Talvez uma tentativa tola de desmistificar a ojeriza que alguns tem à bossa-nova (ou aos intérpretes que usam os tiques característicos
da batida).
Relendo o livro do Caetano Veloso doze anos após a primeira leitura, encontrei alguns parágrafos
esclarecedores e, tirando alguns fatos que julguei desimportantes, alinhavei
alguns trechos que julguei relevantes para uma audição isenta desse belo
momento da música brasileira.
As gravações citadas pelo Caetano e mais algumas que achei interessantes pois não acho que sejam dispensáveis; vale a pena prestar atenção ao arranjo de cordas na gravação do João
Gilberto, meio canção-norte-americana-da-década-de-40,
de autoria do alemão Klaus Ogerman (ou: como um quase-bolero, vira um
grande samba).
Escreve Caetano Veloso:
" ... há, entre as mais belas melodias que a cantora Maysa - uma
linda mulher de dezoito anos e selvagens olhos verdes que, com sua voz rouca,
transformou-se da noite para o dia, de jovem senhora da alta sociedade
paulista, em fetiche do mundo boêmio - gravou, uma composição de Tom Jobim e Newton Mendonça da fase pré bossa-nova, um autêntico samba-canção chamado ´Caminhos
cruzados`, que João Gilberto veio a regravar anos depois.

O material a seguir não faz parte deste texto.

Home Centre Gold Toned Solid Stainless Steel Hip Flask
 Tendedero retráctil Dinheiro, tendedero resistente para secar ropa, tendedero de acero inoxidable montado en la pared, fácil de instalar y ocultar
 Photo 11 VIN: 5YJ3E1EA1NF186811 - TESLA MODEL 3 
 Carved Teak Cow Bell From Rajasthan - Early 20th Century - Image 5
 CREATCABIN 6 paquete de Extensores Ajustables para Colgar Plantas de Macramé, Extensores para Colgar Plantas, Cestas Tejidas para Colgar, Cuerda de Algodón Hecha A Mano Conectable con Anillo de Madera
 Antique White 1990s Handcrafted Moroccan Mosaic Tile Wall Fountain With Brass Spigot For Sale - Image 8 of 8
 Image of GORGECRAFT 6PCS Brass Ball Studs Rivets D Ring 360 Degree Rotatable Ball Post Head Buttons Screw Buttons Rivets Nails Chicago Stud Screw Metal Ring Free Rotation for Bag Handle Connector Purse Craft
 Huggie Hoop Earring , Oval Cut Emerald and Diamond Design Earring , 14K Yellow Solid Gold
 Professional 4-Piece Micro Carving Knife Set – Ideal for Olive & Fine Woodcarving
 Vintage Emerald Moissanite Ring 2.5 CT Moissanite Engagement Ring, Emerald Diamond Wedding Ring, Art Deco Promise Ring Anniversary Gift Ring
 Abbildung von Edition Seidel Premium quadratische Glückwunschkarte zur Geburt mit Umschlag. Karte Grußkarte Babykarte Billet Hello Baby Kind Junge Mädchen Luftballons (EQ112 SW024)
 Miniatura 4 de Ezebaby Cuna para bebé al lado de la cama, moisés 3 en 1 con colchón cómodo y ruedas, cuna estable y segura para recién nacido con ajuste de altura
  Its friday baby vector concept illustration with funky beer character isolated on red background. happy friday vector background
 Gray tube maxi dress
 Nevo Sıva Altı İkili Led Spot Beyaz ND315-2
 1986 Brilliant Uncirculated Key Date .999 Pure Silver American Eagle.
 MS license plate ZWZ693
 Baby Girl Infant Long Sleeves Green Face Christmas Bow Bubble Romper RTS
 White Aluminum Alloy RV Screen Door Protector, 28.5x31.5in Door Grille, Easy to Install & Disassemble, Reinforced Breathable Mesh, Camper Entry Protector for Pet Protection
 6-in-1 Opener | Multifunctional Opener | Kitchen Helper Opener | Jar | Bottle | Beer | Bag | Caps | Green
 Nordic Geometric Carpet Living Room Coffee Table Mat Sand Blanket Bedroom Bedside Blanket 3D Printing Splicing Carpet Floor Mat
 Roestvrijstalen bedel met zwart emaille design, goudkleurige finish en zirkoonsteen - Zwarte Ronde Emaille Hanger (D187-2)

É útil comparar essas
duas gravações para entender o significado do gesto fundamental da invenção da
bossa-nova ... a interpretação de João é mais introspectiva que a da Maysa e
também violentamente menos dramática; mas, se na gravação dela os elementos
essenciais do ritmo original do samba foram lançados ao esquecimento quase
total pela concepção do arranjo e, sobretudo, pelas inflexões do fraseado, na
dele chega-se a ouvir - com o ouvido interior - o surdão de um bloco de rua
batendo com descansada regularidade de ponta a ponta da canção. É uma aula de como
o samba pode estar inteiro mesmo nas suas formas mais aparentemente
descaracterizadas; um modo de, radicalizando o refinamento, reencontrar a mão
do primeiro preto batendo no couro do primeiro atabaque no nascedouro do samba
... essa gravação me mostrou o samba-samba que estava escondido num
samba-canção que, se não fosse por ele, ia fingir para todo o sempre que era só
uma balada ..." (Veloso, Caetano.Verdade Tropical. São
Paulo. Ed. Companhia das Letras. 1997, p.39-40)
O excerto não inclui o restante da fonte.